Exercise details:
Using the listing below, output only the lines from the one that contains "website screenshot of" through the one that contains "Revealed: Why motorists", inclusive, exactly as given and without images.
=== Material for the task ===
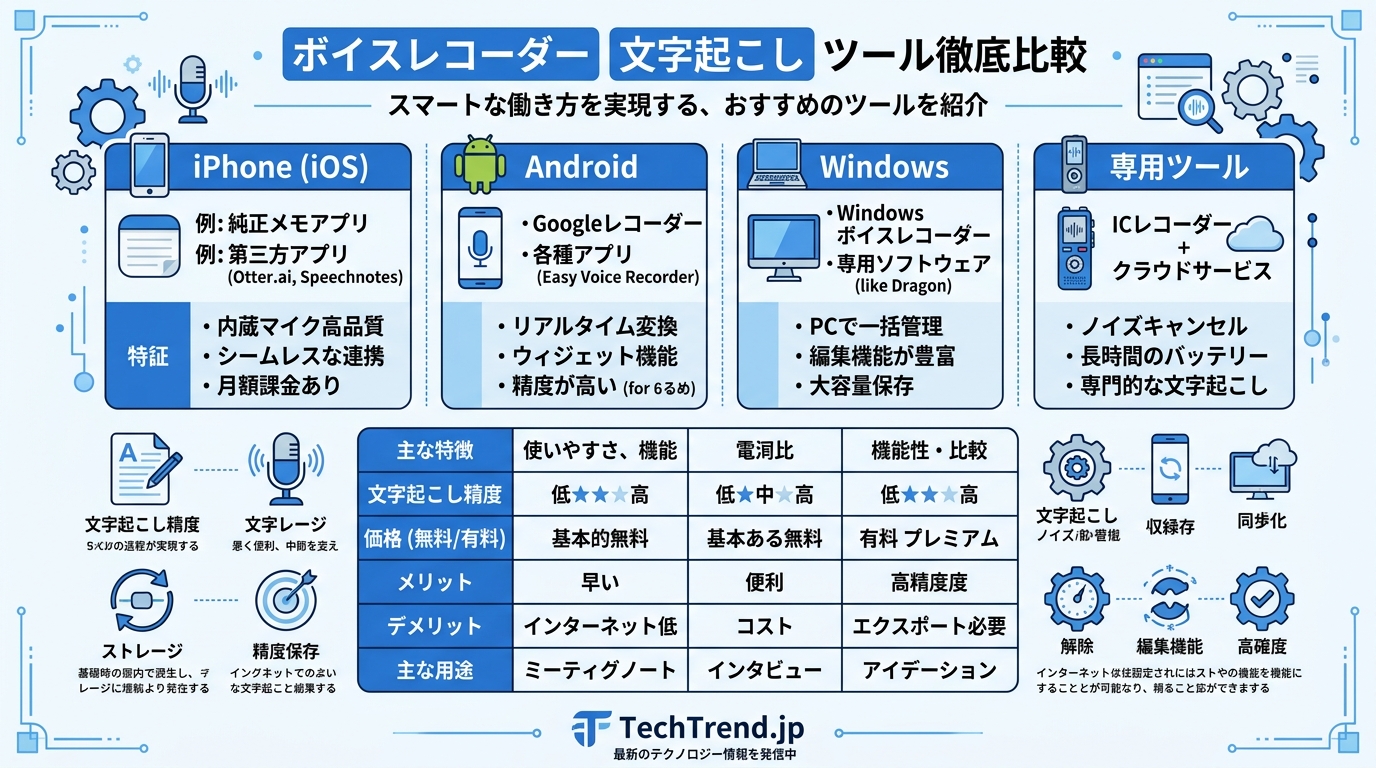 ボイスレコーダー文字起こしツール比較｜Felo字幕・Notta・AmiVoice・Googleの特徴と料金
===
=== Material for the task ===
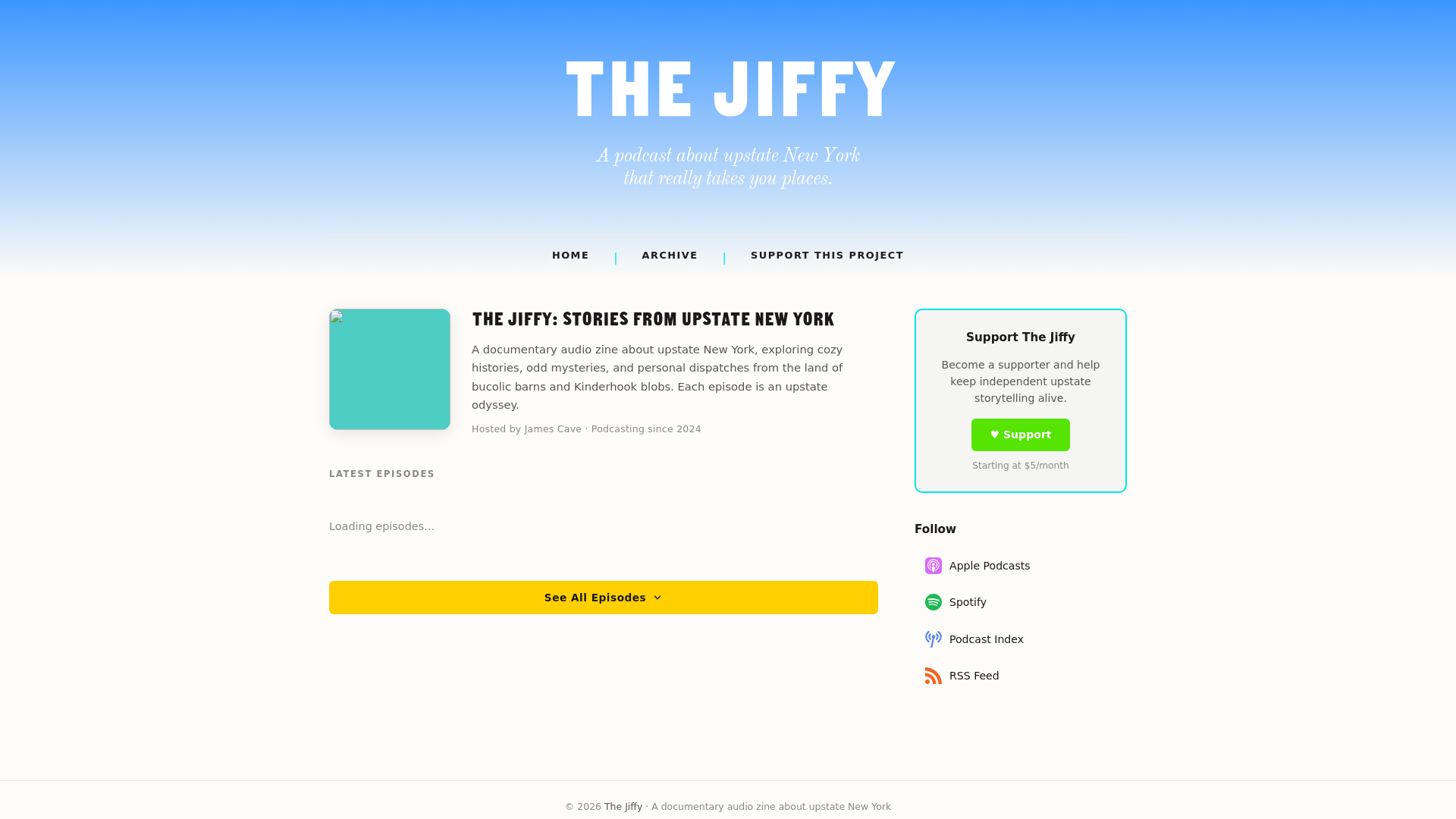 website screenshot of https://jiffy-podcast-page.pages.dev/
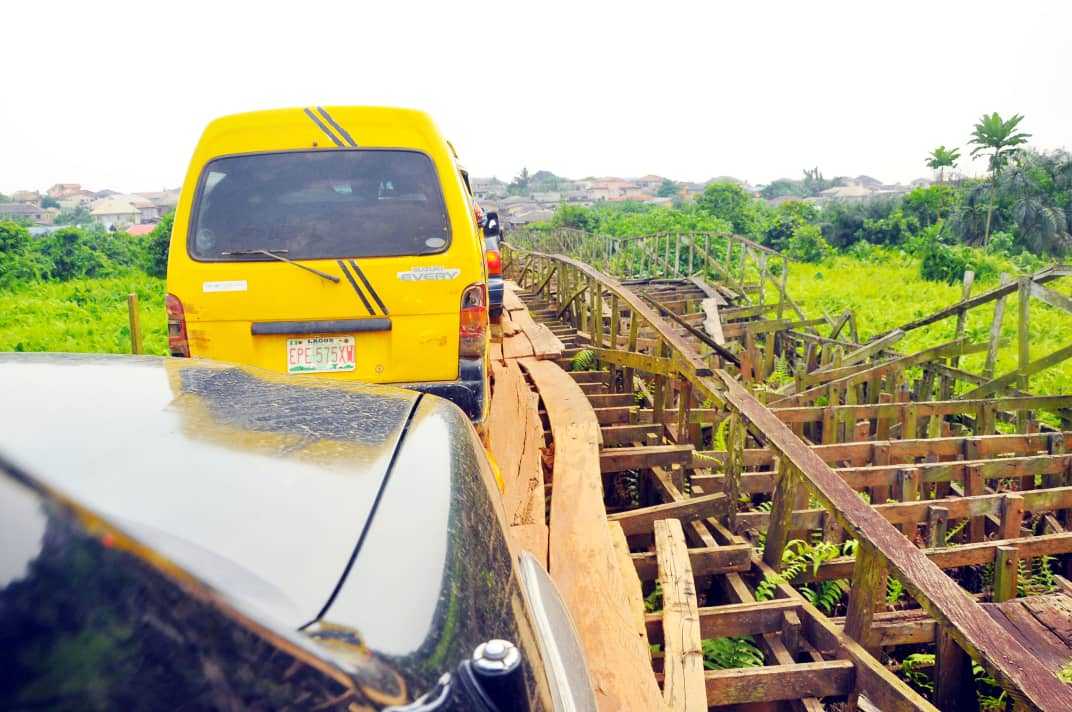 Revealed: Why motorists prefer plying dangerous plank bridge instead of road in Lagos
===
Your solution:
 website screenshot of https://jiffy-podcast-page.pages.dev/
 Revealed: Why motorists prefer plying dangerous plank bridge instead of road in Lagos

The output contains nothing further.